In their presentation, the experts from the Helsinki University Library talked about their work with a range of disciplines as well as services offered to researchers, such as open-access publication and data management services. In addition, our guests were provided with a glimpse of the teaching offered by the Library and its principles as well as the Library’s collection policy.
The wish expressed in advance by our guests to learn about the artificial intelligence-based tool Iris.ai and HELDIG was also fulfilled. The Helsinki Centre for Digital Humanities research network and its operations were presented to us by Jouni Tuominen (see programme and presentations).
Shut up and write!
Astrid Anderson, section manager of the reference and research section of the University of Oslo Library, presented the University of Oslo, its key indicators as well as the organisation of the library as part of the university.

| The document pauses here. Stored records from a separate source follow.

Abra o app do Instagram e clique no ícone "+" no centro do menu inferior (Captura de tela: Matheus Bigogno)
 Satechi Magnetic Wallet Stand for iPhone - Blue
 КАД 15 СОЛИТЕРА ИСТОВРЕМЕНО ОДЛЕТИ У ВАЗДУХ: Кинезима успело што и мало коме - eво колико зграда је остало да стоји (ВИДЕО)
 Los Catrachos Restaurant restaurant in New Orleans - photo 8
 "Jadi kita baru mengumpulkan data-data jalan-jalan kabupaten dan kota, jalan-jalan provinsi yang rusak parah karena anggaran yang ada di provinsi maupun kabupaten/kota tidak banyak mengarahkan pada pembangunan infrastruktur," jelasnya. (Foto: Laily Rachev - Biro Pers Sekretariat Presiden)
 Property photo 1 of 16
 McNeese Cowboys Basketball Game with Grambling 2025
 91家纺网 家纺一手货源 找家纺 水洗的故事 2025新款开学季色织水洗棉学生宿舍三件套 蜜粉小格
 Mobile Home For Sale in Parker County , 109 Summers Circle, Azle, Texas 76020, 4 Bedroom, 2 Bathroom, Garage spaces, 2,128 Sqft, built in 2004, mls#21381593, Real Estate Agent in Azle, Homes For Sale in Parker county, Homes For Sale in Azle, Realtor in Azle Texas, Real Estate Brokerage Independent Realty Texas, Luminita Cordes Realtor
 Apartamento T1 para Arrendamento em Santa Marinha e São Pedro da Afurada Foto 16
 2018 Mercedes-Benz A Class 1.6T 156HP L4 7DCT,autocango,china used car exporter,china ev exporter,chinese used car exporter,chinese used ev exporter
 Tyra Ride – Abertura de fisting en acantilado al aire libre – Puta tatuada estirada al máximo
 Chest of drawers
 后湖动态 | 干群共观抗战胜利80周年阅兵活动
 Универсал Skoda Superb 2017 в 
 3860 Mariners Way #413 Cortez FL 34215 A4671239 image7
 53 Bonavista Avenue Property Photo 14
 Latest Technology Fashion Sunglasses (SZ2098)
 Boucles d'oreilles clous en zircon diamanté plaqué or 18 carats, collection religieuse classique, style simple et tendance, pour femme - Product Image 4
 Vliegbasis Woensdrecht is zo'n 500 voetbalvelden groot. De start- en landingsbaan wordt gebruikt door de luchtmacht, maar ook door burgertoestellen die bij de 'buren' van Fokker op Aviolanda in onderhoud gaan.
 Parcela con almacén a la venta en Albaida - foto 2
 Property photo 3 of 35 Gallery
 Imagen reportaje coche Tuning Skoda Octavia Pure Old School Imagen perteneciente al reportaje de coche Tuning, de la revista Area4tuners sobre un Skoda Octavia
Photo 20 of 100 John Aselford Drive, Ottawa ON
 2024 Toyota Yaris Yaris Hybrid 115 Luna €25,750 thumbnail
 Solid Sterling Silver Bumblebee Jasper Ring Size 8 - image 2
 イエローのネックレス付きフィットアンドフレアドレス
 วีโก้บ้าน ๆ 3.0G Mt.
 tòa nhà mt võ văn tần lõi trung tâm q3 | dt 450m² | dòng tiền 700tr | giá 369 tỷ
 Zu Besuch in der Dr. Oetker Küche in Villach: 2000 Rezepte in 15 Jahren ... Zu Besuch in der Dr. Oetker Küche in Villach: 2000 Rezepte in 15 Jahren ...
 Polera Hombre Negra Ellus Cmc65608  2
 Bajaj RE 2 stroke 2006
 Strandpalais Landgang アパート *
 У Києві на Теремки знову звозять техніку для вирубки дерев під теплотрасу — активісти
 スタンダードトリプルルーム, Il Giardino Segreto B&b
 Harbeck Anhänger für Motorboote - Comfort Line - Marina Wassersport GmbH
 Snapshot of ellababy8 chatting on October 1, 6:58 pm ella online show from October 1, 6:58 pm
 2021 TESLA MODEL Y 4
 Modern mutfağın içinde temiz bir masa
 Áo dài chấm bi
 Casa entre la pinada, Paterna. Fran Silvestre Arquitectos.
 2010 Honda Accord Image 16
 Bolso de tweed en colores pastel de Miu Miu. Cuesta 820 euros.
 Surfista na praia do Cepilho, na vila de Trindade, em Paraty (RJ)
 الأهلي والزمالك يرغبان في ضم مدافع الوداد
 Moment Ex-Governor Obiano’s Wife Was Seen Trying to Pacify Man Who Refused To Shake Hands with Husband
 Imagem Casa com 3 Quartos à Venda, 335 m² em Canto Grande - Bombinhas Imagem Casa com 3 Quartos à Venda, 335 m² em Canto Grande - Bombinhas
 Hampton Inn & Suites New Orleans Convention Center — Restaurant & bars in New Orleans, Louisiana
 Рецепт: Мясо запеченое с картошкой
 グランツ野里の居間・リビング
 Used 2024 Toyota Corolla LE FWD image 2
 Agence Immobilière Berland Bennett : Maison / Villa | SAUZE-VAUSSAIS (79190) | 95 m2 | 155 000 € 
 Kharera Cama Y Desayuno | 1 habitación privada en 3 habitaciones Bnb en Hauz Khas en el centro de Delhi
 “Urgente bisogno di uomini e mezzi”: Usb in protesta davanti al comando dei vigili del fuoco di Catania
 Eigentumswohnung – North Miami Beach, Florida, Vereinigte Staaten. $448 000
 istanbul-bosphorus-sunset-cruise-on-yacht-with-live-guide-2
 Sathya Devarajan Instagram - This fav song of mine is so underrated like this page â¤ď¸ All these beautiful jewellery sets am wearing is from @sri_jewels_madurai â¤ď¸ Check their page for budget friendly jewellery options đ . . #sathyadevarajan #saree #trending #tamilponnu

After this, the theme was delved into further by presentations on, for example, various events, exhibitions and courses organised by the university.
Signe Brandsæter and Marianne Lien told us about the consultation in academic writing offered by the Academic Writing Centre , whose events include regular writing sessions called Shut up and write! Hege Ringnes presented the specific library service of the preparation of method-based and demanding systematic literature reviews (systematic review). The library also participates in and produces content for the national doctoral education network.
Dragon’s den or Scrooge McDuck’s treasure trove?
Librarian Cathinka Neverdal told us about the means developed by the library to participate in the everyday life of the community. Basement floors with their rows of archive shelves may seem daunting, like a “dragon’s den”, to the customers, while library professionals see the extensive collection as a continuous source of riches or Scrooge McDuck’s treasure trove. How could the library convey the same experience to its customers? The University of Oslo Library has carnivalised stereotypes related to the library by means of various events and exhibitions as well as social media.
It is clear that work at the University of Oslo Library is relaxed and innovative and utilises the competence of its partners in flexible ways. The events aimed at students and staff, for example, the regular Breakfast Club morning event organised together with the student union, are an example of the many fruits of cooperation.
The dead languages society (Døde språks selskap) should also be mentioned. The activities of the society are aimed at linguists and other interested individuals, which the library organises in cooperation with the Faculty of Humanities and the Norwegian Institute of Philology.
During the day we had a chance to share experiences and perspectives on the everyday life of research libraries in the Nordic countries. But more than anything we gained extra inspiration for our own work – thank you for the visit, our Norwegian guests!